The October issue of Kelley Drye’s TCPA Tracker newsletter is here:
TCPA (Telephone Consumer Protection Act) Tracker Newsletter is a cross-practice effort produced to help you stay current on TCPA (and related) matters, case developments and provide an updated comprehensive summary of TCPA petitions pending before the FCC.
On October 1, 2020 the FCC released a Notice of Proposed Rulemaking (NPRM) to seek input on proposed rules to codify previous exemptions to the TCPA’s consent requirements. Section 227(b) of the TCPA prohibits “any telephone call to any residential telephone line using an artificial or prerecorded voice to deliver a message without the prior express consent of the called party” unless the call meets the requirements of certain exemptions. The exemptions under review by the FCC include “(1) non-commercial calls to a residence; (2) commercial calls to a residence that do not constitute telemarketing; (3) tax-exempt nonprofit organization calls to a residence; (4) HIPAA-related calls to a residence; (5) package delivery-related calls to a wireless number; (6) financial-institution calls to a wireless number; (7) healthcare-related calls to a wireless number; (8) inmate calling service calls to a wireless number; and (9) cellular carrier calls to their own subscribers. Section 8 of the Pallone-Thune TRACED Act directed the FCC to examine these exemptions to ensure that they contain requirements addressing “(1) the classes of parties that may make such calls; (2) the classes of parties that may be called; and (3) the number of such calls that may be made to a particular called party.” To this end, the proposed measures include classifying parties as “informational callers” for callers only providing information, and “transactional callers” for callers trying to complete or confirm commercial transactions, in addition to limiting the number of calls that may be made during a period of time. Comments are due October 26, 2020, and reply comments are due November 3, 2020.

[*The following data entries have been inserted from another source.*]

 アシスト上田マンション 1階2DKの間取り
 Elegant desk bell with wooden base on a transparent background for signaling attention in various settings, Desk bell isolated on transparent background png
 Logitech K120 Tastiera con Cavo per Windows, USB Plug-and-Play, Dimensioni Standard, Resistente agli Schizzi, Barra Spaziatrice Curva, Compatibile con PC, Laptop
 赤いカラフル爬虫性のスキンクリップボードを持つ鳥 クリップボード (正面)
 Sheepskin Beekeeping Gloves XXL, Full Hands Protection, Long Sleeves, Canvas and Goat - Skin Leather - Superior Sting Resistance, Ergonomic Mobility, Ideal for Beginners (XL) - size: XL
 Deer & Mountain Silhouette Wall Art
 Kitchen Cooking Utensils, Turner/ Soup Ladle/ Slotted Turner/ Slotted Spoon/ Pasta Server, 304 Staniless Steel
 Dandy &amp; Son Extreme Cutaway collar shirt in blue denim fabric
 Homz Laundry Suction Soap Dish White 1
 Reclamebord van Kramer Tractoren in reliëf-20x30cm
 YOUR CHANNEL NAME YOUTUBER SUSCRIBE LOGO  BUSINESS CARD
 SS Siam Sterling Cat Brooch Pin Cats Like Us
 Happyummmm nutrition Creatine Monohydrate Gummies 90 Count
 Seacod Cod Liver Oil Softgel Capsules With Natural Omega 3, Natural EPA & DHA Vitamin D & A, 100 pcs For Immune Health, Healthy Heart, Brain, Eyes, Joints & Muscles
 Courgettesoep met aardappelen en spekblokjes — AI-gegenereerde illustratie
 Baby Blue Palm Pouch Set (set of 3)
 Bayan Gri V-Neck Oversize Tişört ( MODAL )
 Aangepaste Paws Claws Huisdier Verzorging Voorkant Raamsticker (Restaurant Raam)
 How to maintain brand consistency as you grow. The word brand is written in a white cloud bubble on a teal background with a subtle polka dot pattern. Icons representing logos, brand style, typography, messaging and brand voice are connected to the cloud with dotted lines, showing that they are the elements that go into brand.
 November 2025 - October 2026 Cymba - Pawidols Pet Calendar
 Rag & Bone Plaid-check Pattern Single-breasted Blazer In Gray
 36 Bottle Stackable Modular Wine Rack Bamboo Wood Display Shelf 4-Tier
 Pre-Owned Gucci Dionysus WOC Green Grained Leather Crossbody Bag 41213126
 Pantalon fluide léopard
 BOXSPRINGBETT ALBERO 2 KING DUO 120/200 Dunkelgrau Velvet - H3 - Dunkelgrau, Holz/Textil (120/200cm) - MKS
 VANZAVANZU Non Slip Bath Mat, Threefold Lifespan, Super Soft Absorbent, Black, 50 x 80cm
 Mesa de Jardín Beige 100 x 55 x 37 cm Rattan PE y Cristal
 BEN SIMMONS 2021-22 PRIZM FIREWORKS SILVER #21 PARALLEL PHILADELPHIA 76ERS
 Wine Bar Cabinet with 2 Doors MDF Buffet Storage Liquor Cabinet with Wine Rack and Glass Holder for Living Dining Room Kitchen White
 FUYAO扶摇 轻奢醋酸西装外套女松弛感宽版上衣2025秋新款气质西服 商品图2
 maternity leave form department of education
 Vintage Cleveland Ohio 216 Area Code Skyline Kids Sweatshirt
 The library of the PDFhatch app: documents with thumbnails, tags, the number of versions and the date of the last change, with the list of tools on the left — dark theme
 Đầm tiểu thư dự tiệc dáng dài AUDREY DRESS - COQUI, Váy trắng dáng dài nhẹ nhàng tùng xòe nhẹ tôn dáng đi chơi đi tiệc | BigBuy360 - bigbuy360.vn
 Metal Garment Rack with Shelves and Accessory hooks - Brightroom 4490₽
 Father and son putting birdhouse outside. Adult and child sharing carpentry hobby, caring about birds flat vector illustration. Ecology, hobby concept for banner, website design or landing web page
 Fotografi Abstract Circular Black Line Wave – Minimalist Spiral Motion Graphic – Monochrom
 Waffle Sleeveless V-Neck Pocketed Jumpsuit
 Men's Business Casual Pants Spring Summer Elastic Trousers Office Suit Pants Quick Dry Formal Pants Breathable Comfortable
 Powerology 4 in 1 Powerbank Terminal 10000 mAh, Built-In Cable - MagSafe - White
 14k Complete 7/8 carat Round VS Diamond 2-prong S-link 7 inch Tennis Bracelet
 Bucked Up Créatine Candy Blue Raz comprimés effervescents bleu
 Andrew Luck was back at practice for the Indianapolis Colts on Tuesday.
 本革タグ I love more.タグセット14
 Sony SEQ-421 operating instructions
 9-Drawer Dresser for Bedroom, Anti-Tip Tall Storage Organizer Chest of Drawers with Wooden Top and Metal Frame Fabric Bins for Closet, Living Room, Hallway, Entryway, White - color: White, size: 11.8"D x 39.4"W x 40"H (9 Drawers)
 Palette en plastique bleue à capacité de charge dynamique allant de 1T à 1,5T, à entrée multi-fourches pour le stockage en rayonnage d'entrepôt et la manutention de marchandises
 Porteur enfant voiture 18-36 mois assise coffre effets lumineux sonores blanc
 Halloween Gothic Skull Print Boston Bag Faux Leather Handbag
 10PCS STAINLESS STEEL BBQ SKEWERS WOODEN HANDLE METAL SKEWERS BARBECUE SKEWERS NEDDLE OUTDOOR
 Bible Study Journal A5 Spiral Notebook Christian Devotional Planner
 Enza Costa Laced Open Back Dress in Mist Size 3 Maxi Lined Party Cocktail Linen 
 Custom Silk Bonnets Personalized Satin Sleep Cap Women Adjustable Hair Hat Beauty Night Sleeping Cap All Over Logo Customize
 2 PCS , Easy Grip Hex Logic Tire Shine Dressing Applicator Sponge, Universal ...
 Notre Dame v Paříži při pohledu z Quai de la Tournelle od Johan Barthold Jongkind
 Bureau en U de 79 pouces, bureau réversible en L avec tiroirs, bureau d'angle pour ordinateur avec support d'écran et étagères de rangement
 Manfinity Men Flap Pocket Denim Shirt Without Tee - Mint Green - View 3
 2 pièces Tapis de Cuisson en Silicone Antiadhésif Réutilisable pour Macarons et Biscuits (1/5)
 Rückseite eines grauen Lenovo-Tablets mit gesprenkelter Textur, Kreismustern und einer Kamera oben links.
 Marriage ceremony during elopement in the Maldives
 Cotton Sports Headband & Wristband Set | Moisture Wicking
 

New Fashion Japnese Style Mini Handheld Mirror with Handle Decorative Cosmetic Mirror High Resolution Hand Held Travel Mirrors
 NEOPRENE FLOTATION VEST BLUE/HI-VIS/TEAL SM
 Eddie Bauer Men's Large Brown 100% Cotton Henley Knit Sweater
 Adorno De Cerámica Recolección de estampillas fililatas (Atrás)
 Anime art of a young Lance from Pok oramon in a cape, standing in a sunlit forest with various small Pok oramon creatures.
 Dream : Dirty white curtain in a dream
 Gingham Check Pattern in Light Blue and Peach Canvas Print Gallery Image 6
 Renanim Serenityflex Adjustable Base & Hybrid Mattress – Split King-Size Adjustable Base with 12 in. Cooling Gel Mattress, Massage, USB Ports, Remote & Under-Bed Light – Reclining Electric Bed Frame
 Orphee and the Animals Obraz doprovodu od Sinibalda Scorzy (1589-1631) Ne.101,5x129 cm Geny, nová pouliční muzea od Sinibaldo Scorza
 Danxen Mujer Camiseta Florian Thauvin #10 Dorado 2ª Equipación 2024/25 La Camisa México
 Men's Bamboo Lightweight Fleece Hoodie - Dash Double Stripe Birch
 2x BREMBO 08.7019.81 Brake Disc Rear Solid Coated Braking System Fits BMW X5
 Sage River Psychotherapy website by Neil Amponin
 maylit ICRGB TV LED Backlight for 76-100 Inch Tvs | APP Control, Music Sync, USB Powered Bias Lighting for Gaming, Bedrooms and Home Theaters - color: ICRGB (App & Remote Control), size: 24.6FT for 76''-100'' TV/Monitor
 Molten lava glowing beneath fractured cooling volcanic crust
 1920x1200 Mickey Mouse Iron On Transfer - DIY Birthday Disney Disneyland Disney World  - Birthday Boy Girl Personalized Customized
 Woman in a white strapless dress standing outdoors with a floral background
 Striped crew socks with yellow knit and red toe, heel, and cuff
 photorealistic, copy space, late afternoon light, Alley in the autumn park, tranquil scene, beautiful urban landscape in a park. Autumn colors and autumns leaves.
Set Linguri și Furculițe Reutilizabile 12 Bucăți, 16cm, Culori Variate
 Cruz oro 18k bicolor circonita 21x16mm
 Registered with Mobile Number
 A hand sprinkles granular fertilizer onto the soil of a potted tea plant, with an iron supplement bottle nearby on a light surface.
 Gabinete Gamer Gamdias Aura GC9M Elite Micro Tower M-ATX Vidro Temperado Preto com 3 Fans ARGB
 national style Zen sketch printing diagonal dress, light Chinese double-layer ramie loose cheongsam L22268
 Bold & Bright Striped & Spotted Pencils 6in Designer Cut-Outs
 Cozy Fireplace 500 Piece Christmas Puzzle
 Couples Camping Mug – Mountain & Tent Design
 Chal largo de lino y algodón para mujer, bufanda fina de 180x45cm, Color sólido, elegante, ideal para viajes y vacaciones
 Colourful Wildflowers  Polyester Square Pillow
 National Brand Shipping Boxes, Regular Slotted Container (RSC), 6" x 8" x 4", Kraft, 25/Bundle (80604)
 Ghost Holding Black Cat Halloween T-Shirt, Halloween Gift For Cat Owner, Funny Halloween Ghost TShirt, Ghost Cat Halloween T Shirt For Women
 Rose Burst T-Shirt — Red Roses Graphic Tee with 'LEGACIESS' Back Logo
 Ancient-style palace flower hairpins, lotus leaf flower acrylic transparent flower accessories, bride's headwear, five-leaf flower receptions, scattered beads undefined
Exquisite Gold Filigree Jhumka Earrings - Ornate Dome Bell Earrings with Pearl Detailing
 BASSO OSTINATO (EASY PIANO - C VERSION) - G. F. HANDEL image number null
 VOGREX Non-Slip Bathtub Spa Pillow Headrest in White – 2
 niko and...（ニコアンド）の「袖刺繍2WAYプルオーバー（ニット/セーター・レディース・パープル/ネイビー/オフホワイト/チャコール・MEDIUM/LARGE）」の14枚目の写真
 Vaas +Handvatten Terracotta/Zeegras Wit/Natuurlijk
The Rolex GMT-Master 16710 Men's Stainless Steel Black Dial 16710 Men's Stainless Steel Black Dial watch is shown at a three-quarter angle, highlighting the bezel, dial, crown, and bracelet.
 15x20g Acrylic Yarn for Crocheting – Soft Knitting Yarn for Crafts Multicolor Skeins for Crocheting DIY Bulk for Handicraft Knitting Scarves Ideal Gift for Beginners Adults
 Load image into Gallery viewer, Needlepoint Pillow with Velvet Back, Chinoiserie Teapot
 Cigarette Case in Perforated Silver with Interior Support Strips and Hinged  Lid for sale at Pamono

On October 1, 2020, the FCC released a Second Report and Order in its ongoing call authentication proceeding under the TRACED Act. In March, the FCC required originating and terminating voice service carriers to implement the STIR/SHAKEN call authentication framework in the IP portions of their networks by June 30, 2021. In the Second Report and Order, the FCC requires intermediate carriers also to implement the STIR/SHAKEN framework in their IP networks and to pass STIR/SHAKEN authentications to downstream carriers. The FCC extended the implementation deadline for small voice carriers (those with fewer than 100,000 subscriber lines) for two years, until June 30, 2023. Any carrier taking advantage of the extension must, however, implement a reasonable call mitigation program to reduce the origination of unlawful robocalls and must, by a date to be specified by the FCC, file a certification describing its call mitigation program. In addition, the Second Report and Order requires voice service carriers either to convert the non-IP portions of their networks to IP by June 30, 2021 or to be participating in industry efforts to develop and implement a call authentication framework for non-IP calls. Finally, implementing a requirement of the TRACED Act, the FCC prohibits voice service providers from imposing a line item fee on consumers to implement the STIR/SHAKEN framework.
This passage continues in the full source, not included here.